Webcal is a uniform resource identifier (URI) scheme for accessing iCalendar files.

The webcal scheme was devised for use with the Apple iCal application and is widely used for accessing iCalendar formatted files. As of 23 September 2012, it has provisional status with IANA. The webcal: protocol prefix is used to trigger an external protocol handler which is passed the URL to the .ics file rather than the file itself, in much the same way feed is sometimes used to trigger external RSS readers. The idea is that with this protocol prefix the target .ics file should be subscribed to (read only) rather than downloaded or imported into the calendar application.
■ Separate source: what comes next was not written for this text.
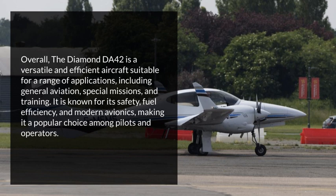Overall. The Diamond DA42 is a versatile and efficient aircraft suitable for a range of applications, including general aviation, special missions, and training. It is known for its safety, fuel efficiency, and modern avionics, making it a popular choice among pilots and operators.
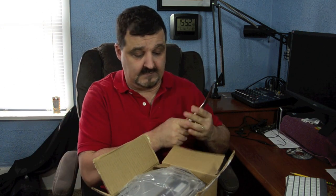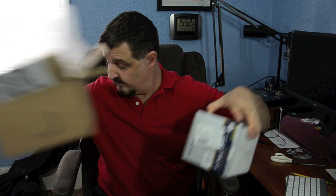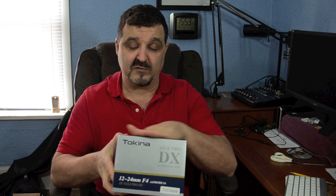Let's go ahead and unbox this and I'll show you what I purchased. What I picked up here was a Tokina — T-O-K-I-N-A, however you want to pronounce it — a wide angle ATX Pro lens for digital SLR cameras. This particular one is for my Nikon camera.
Other than that webcal: URLs are equivalent to the same URL with http: or https:.

WebCal was also the name of an unrelated free web calendar PERL script, that allowed you to create and maintain an interactive events calendar or scheduling system on a Web site or app, and is no longer supported.

== Handlers ==
Notable software packages and web applications supporting the webcal protocol include:
- Apple Calendar
- Google Calendar
- Microsoft Outlook
- Mozilla Thunderbird
- Nextcloud

== Alternative protocols ==
CalDAV and GroupDAV are both efforts to provide WebDAV-based interactive access to calendar stores with finer granularity. The CalDAV Access protocol has been standardized by the IETF and published as RFC 4791. Extensions to CalDAV for automated scheduling are also standardized, as RFC 6638.

Neither of those protocols calls for using DAV style URIs. Instead, both drafts call for using the HTTP OPTIONS feature to return that the server supports calendaring extensions.